*** Opening of Input for this task ***

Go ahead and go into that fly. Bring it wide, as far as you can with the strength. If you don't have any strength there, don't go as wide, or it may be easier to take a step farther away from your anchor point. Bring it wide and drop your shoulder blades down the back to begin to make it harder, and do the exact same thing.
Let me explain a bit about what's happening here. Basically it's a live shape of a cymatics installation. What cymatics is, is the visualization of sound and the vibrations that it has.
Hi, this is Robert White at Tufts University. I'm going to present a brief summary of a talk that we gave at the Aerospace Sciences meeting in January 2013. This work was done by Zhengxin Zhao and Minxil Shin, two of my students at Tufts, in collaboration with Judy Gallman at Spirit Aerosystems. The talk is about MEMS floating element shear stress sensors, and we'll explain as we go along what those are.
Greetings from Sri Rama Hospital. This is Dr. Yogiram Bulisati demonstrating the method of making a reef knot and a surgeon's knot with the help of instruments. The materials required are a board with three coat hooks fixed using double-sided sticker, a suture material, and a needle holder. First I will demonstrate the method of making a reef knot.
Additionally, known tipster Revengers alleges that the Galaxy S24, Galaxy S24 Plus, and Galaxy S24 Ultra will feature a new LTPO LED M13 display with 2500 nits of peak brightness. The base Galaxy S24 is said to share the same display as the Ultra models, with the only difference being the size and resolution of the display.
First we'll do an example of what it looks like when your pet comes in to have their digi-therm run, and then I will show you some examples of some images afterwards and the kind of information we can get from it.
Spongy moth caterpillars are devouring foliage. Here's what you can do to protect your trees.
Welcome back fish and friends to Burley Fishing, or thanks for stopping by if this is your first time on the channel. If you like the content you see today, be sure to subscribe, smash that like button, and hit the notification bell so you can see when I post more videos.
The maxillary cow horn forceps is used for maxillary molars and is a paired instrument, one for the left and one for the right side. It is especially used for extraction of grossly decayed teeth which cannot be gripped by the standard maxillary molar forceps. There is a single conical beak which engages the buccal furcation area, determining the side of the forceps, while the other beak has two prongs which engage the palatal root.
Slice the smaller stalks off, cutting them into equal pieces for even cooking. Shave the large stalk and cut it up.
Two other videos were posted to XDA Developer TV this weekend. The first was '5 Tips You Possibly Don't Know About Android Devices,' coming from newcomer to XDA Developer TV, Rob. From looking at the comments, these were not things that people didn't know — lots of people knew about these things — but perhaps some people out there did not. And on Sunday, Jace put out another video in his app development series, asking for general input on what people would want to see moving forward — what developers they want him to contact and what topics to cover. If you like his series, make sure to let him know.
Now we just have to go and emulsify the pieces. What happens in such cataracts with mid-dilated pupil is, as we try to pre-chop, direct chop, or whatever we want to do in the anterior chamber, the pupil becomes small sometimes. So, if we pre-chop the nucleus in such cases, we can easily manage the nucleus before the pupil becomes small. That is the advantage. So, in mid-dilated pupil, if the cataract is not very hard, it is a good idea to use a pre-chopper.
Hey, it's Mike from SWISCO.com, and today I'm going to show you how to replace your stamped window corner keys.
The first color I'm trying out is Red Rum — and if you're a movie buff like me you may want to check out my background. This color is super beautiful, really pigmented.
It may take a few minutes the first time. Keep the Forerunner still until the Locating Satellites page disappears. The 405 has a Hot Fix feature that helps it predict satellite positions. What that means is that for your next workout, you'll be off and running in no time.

*** Close of Input for this task ***

Which lines of the listing above hold the word "when"? Copy each of them.

First we'll do an example of what it looks like when your pet comes in to have their digi-therm run, and then I will show you some examples of some images afterwards and the kind of information we can get from it.
Welcome back fish and friends to Burley Fishing, or thanks for stopping by if this is your first time on the channel. If you like the content you see today, be sure to subscribe, smash that like button, and hit the notification bell so you can see when I post more videos.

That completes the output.